Il s’agirait plutôt de les accompagner, d’être vigilant, de les aider à valoriser leurs héritages. Moi, par exemple, j’avais des poupons noirs, ma maîtresse en avait acheté pour que l’arrivée d’un enfant noir dans l’école ne soit pas trop étrangère aux autres enfants. Il faut s’assurer que l’on fréquente des gens de la communauté de l’enfant, ma mère est allée en Guadeloupe dans sa jeunesse et s’y est fait un ami diacre. Lorsque son ami venait en France métropolitaine (dans les 70’s), dans la rue on voulait voir l’intérieur de ses mains, toucher ses cheveux… ma mère y assistait, ainsi, elle a pu développer une sensibilité au racisme. Mes parents écoutaient Johnny Clegg un artiste abordant beaucoup le sujet de l’apartheid. Quand j’étais petite je fréquentais des messes caribéennes, je faisais du basket et un basketteur professionnel afro-américain s’est installé dans le village où j’allais à l’école, j’ai donc eu plusieurs occasions de ne pas être coupée de ma communauté dans l’enfance. Au Québec quand on fait une demande d’adoption, une des conditions est de pouvoir prouver que l’enfant pourra s’entourer de semblables, il faut donc autour de soi trouver un référent, donner ses coordonnées… Ce genre de démarche pousse l’adoptant à se poser la question en amont, à se familiariser avec les origines de son enfant, à aller dans le pays d’origine. Il faut aussi et surtout autoriser l’enfant à se défendre, à répondre si on l’insulte. Le genre de phrase “mais non t’es pas comme nous” est un problème, puisqu’elle signifie qu’être Noir ce n’est pas bien, “comme nous” c’est une fois de plus ethnocentré. Il faut dire à son enfant qu’être noir c’est normal, lorsque les enfants font face au racisme ne pas leur dire d’oublier, ne pas leur dire que les autres sont bêtes et ignorants, il faut leur expliquer pourquoi il y a du racisme en France, leur expliquer l’esclavage, la colonisation, le racisme systémique. Se demander et surveiller si les enfants sont stimulés par les professeurs, punis pour les bonnes raisons ou s’ils sont discriminés d’entrée de jeu.

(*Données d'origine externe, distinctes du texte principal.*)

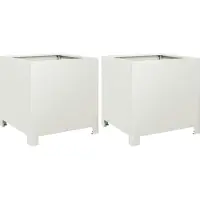 vidaXL Jardinières 2 pcs blanc 40x40x40 cm acier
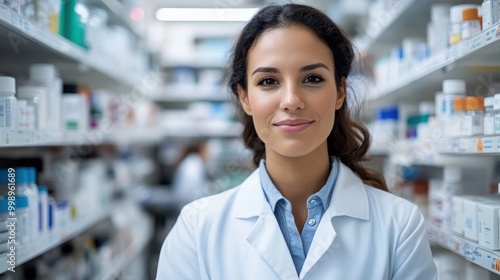 A smiling young female pharmacist stands confidently in a pharmacy aisle filled with medications, showcasing dedication and commitment to healthcare service.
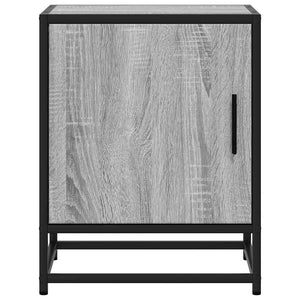 Sängbord 2 st grå sonoma 40x31x50 cm konstruerat trä och metall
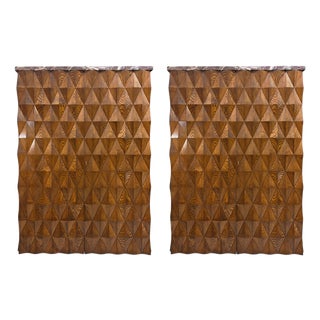 Brutalist Wood and Rosso Levanto Marble Cabinet For Sale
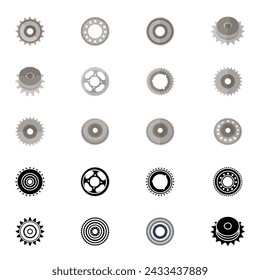 Chain Gears Illustrations Vector Elements Vector And Clip Art. Gear Silhouette, Gear Mechanical Illustration Sport Bike Wheel Vector.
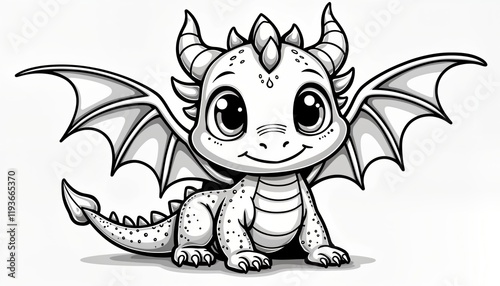 Fototapeta Cute baby dragon coloring page illustration. Cartoon dragon with big eyes, horns sits with wings spread. Friendly, happy expression. Suitable for kids. Printable, colorful. Fantasy creature. Line art
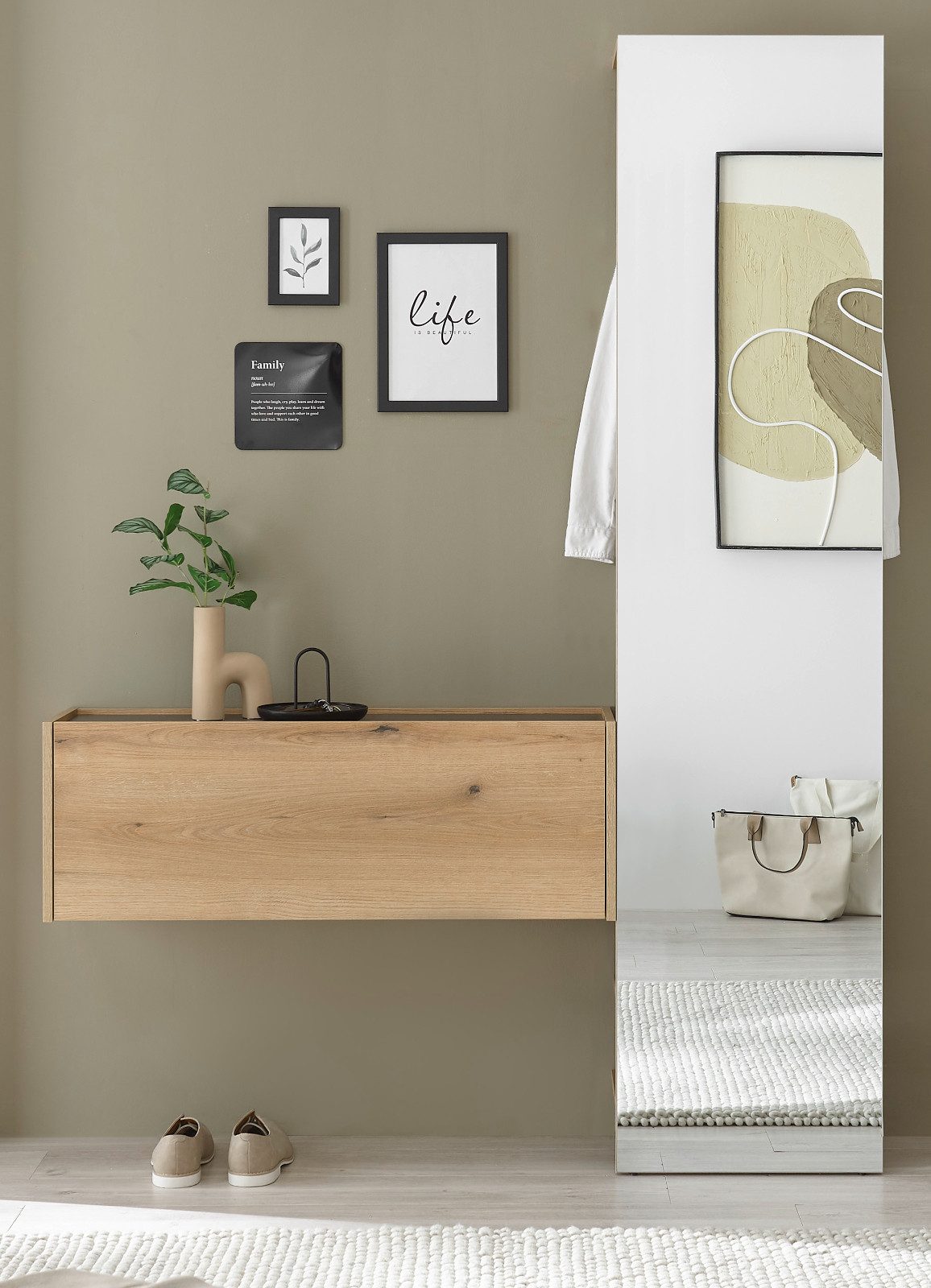 Furn.Design Garderoben-Set Center, (Flurgarderobe in Eiche mit Grau, 2-teilig, 150 x 200 cm), mit Kleiderstange und großer Spiegelfront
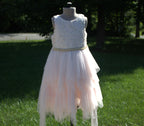 111 Blush and White Kids Dress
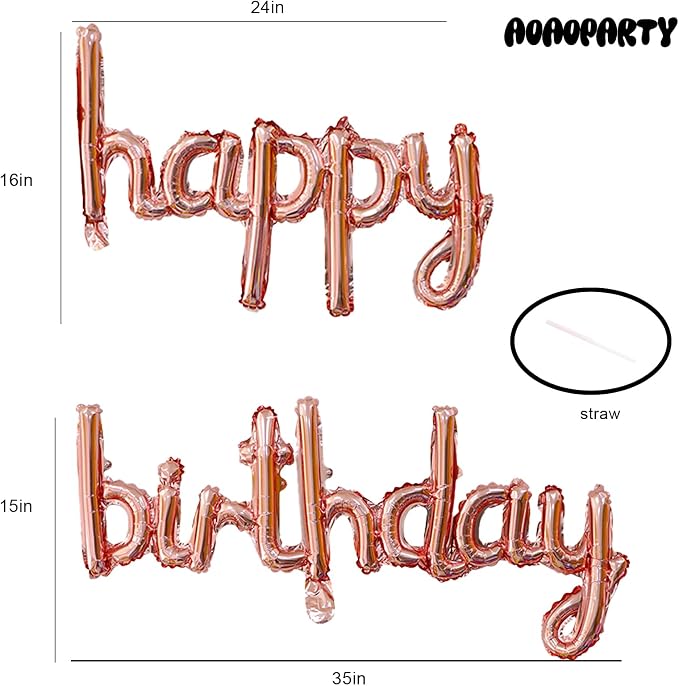 Rose Gold Happy Birthday Balloons Banner 16 Inch Mylar Foil | Happy Birthday - Image 2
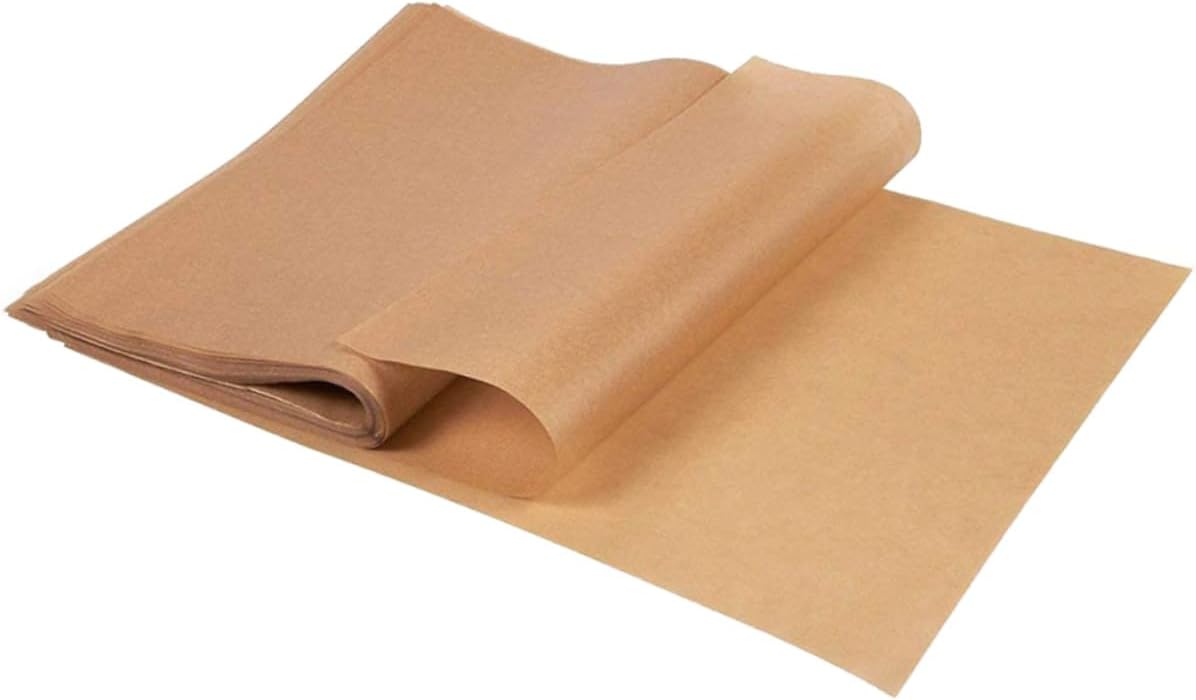 SOLUSTRE Natural Unbleached Baking Paper 12 x16 200 Pcs Oil-Proof Parchment Sheets for Air Fryers Barbecue and Steaming Non-Stick High Temperature Resistant Cooking Liners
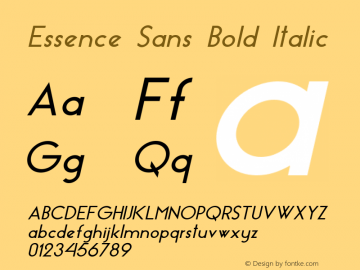 Essence Sans Bold Italic Version 1.001 2013 Font Sample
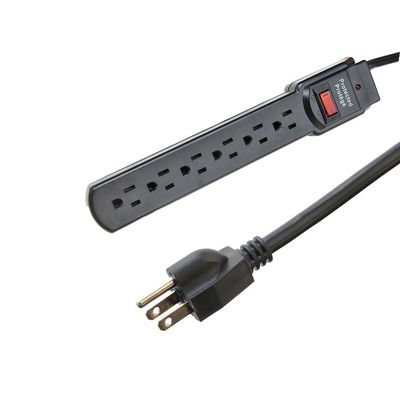Tipo de extremidade masculina NEMA 5-15P ETL15A/125V 6 saída de extensão elétrica Socket Power Strip Protector contra sobretensão para eletrodomésticos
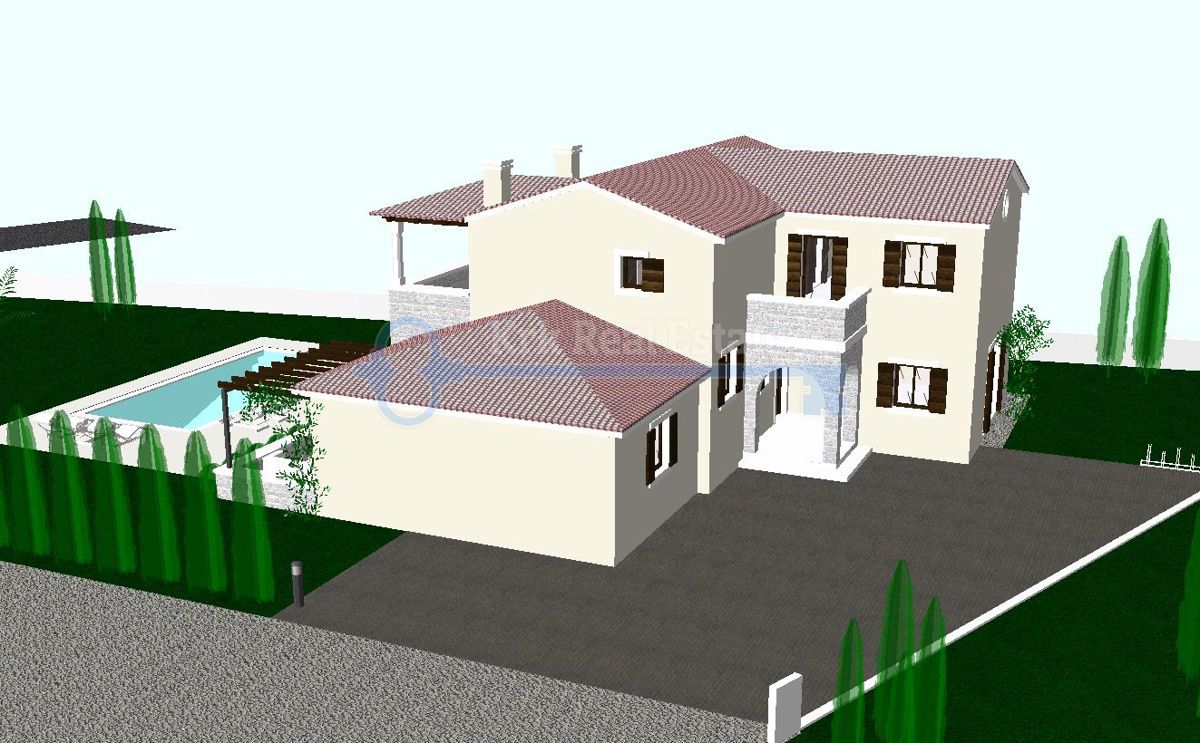 PULA-ZAZIDLJIVO ZEMLJIŠČE S PROJEKTOM ZA HIŠO Z BAZENOM
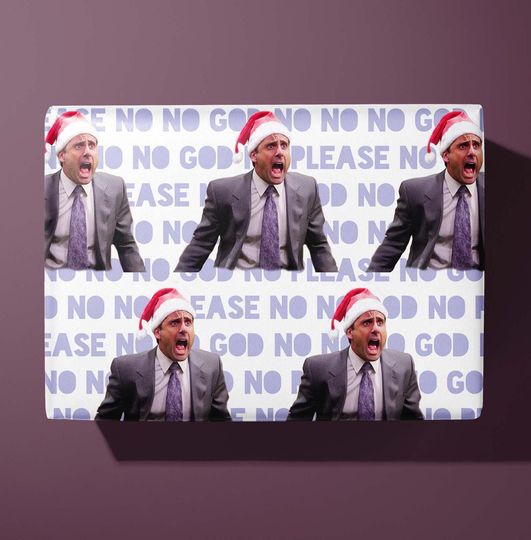 Discover Michael scott christmas wrapping paper - the office - hand illustrated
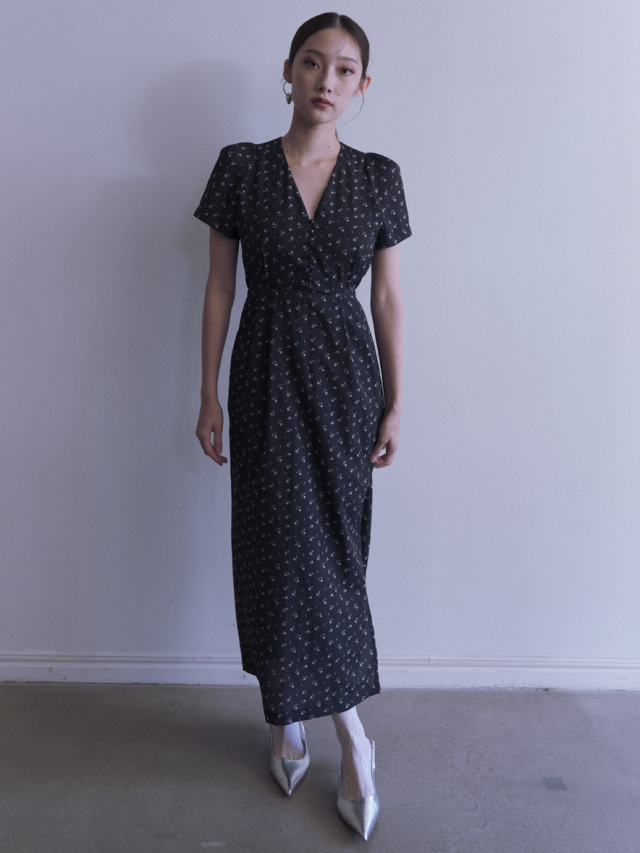 HONEY MI HONEY｜フローラルシフォンパフワンピース｜クラシカルに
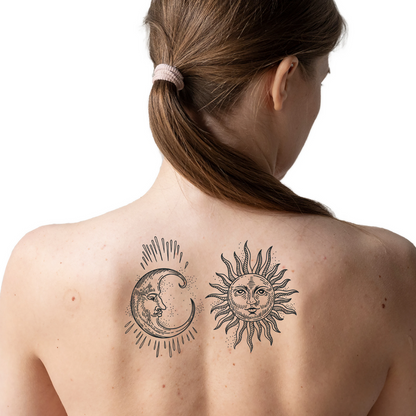 tatouage temporaire lune et soleil porté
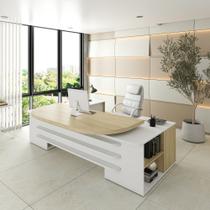 Mesa para Escritório Presidente Tamburato 258.2 cm com 4 Gavetas e 2 Portas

“Adopter un enfant, c’est altruiste” ? Ou ne serait-ce qu’une résultante du phénomène de white savior ?
Avoir un enfant est toujours une démarche égoïste, il s’agit d’une matérialisation d’une histoire d’amour, d’accomplir quelque chose dans un parcours donné, d’une envie de transmettre ses gènes, faire des enfants ce n’est pas altruiste quand ça passe par une filiation biologique, adopter des enfants répond à la même logique. L’enquête de l’INED “L’adoption en France : qui sont les adoptant ? Qui sont les adoptés ?” nous montre d’ailleurs que 3/4 des candidats à l’adoption choisissent ce mode de parentalité en raison d’une d’infertilité. L’adoption vient donc d’abord répondre à un problème pour des couples souhaitant initialement fonder une famille biologiquement. L’adoption est le premier choix pour fonder une famille uniquement pour 1/4 des candidats, soit pour des raisons politiques ou en lien avec leur travail (pour ceux qui travaillent dans l’humanitaire par exemple). L’altruisme est une narration construite, sans rapport avec la réalité. L’adoption ce ne sont pas que des non-blancs, donc il n’est pas forcement toujours question de white saviorism, mais ça en fait partie. Quand les personnes blanches adoptent des non blancs pour leur épargner une vie de misère en Afrique, ça en fait partie. Le mode de vie occidental peut apporter un confort matériel supérieur à d’autres zones, mais beaucoup peuvent parfaitement vivre sans tout ça. Cette idée comme quoi ce serait forcément mieux en Occident, désigne un très grand ethnocentrisme. J’ai en tête cet exemple, un homme du documentaire était originaire du Brésil et en retournant là-bas chez ses parents biologiques, il a pu constater qu’il y faisait bon vivre, il ne voyait aucun problème à vivre dans les favelas.